# le courrier indésirable



## balance (14 Juillet 2013)

bonjour 

sur mail y'a possibilité de notifier qu un message est indésirable mais comment on fait
avec l iPad ou l iPhone ?

à+


----------



## Llyod (14 Juillet 2013)

Je crois que c'est impossible car quand tu es sur l'app Mail, tu ne peux pas accéder au dossier des courrier indésirables ni à la corbeille. Je comprend vraiment pas le choix d'apple de ne pas les avoir intégrés.


----------



## lineakd (15 Juillet 2013)

> car quand tu es sur l'app Mail, tu ne peux pas accéder au dossier des courrier indésirables ni à la corbeille.

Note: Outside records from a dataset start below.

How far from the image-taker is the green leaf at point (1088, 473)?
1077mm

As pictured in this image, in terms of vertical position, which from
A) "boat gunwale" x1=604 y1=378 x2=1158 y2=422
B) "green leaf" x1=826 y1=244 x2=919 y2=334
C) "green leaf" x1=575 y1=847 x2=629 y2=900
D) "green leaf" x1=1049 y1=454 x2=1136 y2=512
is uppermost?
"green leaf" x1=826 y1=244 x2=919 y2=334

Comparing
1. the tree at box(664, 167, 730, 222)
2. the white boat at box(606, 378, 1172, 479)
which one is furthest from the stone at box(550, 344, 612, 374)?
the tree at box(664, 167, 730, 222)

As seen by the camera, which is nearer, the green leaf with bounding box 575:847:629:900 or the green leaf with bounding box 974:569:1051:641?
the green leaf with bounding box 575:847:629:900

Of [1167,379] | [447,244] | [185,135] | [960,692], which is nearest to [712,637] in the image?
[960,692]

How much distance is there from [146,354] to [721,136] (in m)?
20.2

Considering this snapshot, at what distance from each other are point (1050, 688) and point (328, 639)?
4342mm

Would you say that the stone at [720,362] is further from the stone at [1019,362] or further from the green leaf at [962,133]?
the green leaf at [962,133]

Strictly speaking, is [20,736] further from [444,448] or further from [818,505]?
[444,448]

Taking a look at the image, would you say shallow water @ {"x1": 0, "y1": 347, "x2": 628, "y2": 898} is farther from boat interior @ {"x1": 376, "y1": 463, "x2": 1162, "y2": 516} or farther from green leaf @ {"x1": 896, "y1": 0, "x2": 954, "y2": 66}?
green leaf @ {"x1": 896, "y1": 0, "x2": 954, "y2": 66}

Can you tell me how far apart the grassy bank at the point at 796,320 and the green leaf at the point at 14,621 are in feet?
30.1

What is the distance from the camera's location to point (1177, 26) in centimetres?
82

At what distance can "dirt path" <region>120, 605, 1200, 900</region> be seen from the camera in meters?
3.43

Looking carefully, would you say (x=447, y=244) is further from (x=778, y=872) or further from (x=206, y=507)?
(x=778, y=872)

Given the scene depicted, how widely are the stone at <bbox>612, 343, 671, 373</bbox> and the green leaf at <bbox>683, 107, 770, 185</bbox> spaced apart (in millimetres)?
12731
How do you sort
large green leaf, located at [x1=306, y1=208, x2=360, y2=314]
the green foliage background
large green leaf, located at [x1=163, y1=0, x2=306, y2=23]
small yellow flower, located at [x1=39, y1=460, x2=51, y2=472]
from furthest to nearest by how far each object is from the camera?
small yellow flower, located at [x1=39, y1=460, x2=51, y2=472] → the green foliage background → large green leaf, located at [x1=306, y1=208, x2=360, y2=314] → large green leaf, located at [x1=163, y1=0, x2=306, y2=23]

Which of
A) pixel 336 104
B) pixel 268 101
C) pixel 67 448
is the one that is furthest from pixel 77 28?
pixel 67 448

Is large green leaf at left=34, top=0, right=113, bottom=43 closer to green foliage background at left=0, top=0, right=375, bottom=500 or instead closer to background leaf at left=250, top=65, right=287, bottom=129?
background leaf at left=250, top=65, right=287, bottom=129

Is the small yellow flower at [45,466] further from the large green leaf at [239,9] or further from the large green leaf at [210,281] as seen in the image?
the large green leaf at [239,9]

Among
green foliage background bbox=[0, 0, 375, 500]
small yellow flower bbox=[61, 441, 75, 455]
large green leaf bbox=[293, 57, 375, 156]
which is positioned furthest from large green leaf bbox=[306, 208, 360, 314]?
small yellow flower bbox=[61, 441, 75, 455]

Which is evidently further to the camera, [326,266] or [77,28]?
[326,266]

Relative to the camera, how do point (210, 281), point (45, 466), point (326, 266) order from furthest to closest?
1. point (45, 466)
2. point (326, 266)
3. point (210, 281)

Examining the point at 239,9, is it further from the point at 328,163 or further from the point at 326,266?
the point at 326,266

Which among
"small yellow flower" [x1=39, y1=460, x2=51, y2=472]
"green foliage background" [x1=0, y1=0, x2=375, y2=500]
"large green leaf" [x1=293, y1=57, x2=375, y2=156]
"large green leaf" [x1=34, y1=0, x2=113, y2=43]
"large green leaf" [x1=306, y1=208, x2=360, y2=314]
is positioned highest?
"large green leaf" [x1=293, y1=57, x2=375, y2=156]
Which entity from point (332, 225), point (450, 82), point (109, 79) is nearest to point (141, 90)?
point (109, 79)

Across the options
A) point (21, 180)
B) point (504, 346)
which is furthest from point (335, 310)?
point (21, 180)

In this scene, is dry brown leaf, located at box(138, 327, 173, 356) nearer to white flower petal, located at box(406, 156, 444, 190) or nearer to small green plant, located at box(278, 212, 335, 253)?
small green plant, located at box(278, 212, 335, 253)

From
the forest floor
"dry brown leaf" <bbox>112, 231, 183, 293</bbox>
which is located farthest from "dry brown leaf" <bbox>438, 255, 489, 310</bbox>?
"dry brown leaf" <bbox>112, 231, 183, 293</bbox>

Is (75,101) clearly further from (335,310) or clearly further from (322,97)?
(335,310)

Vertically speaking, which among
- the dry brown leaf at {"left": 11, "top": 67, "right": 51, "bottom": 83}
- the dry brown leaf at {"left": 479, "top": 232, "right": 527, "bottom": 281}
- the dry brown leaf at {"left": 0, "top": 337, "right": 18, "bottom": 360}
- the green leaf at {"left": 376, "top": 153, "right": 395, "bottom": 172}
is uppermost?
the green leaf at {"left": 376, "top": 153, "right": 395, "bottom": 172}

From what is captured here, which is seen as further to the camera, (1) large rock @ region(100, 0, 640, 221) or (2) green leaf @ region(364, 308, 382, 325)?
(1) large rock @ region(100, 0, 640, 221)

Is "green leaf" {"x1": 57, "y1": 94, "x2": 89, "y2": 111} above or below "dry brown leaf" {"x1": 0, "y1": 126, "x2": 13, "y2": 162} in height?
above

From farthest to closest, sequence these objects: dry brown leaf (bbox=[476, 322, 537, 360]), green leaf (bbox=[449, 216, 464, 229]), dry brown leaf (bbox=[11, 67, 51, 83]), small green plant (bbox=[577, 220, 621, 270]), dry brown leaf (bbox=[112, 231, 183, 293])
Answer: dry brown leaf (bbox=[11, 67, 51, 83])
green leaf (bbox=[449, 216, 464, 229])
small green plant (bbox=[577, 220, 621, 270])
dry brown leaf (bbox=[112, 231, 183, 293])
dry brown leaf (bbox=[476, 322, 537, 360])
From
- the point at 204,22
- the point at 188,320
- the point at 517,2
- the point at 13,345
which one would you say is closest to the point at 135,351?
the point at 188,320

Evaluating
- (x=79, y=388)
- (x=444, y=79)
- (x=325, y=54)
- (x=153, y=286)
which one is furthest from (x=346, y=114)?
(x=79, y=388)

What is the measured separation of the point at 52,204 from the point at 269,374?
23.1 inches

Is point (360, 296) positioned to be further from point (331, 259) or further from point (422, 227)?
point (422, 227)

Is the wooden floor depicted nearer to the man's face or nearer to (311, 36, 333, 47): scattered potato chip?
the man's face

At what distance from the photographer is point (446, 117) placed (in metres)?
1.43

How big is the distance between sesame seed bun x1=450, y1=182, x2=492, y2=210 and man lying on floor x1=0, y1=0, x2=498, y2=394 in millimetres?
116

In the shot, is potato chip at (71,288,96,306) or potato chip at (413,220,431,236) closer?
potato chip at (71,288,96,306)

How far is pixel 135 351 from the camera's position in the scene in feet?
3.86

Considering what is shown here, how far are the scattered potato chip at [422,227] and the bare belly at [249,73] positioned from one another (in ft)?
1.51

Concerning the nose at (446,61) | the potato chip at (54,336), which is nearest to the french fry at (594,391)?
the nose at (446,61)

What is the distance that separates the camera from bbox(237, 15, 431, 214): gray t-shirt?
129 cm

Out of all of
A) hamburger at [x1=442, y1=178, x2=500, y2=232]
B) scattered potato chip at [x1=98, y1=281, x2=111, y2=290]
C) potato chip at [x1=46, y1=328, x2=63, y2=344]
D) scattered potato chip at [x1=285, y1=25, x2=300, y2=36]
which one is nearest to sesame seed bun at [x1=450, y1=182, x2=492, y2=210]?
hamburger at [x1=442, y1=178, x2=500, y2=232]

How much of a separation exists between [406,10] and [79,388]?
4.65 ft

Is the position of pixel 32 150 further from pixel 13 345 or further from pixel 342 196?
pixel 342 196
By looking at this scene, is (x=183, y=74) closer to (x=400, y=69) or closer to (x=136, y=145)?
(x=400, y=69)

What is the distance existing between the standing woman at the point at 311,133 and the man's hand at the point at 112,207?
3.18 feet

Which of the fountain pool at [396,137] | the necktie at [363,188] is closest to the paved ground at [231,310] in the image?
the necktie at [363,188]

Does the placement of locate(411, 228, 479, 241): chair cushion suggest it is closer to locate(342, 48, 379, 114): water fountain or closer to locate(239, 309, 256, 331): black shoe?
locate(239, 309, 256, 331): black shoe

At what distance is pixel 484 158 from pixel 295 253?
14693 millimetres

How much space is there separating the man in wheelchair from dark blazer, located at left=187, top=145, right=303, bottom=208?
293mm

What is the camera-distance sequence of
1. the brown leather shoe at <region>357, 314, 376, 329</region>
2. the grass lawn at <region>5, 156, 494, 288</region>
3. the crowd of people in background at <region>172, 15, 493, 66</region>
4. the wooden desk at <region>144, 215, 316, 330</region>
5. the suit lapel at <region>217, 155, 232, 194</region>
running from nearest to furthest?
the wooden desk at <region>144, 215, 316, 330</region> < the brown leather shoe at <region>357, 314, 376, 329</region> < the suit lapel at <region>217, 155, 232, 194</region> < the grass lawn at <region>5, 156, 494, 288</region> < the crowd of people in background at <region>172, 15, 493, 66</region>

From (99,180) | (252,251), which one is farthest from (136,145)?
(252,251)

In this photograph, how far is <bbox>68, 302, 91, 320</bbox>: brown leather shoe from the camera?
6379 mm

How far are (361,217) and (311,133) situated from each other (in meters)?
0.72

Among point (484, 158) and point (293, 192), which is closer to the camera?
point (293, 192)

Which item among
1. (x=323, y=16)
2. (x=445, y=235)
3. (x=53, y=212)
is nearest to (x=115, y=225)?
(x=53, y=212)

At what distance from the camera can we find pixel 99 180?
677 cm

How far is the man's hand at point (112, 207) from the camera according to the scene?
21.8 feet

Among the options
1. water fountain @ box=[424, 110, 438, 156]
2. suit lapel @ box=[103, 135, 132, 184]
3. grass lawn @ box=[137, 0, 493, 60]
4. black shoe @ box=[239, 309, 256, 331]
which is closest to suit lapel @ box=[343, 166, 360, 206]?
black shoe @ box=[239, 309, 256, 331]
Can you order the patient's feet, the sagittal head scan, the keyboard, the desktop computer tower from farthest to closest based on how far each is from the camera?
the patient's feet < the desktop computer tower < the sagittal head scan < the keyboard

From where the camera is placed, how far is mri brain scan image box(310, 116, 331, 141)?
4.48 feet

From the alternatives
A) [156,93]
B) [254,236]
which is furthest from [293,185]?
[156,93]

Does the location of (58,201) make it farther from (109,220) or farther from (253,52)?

@lloyd, bien sûr qu'on peut, il suffit d'ouvrir l'application mail. D'un appui sur l'icône "bal", de sélectionner un des tes comptes dans la partie "Comptes". 
Test effectuer sur ios 6.1.3 et j'utilise des comptes courriels en imap. 
@balance, ouvre l'application mail, sélectionne le courriel, appuie sur l'icône en forme de dossier, en haut à droite de l'écran. Puis sur la gauche de la nouvelle fenêtre, il te suffit de choisir le dossier "indésirables".


----------



## papibob (6 Septembre 2016)

Bonjour,
Je place beaucoup de mails dans indésirable mais cela ne fonctionne pas.
Par contre les mêmes mails sur Mac ils sont bien arrêtés
Ou est mon erreur ?
iPad Air  iOS 935
Merci de m'éclairer


----------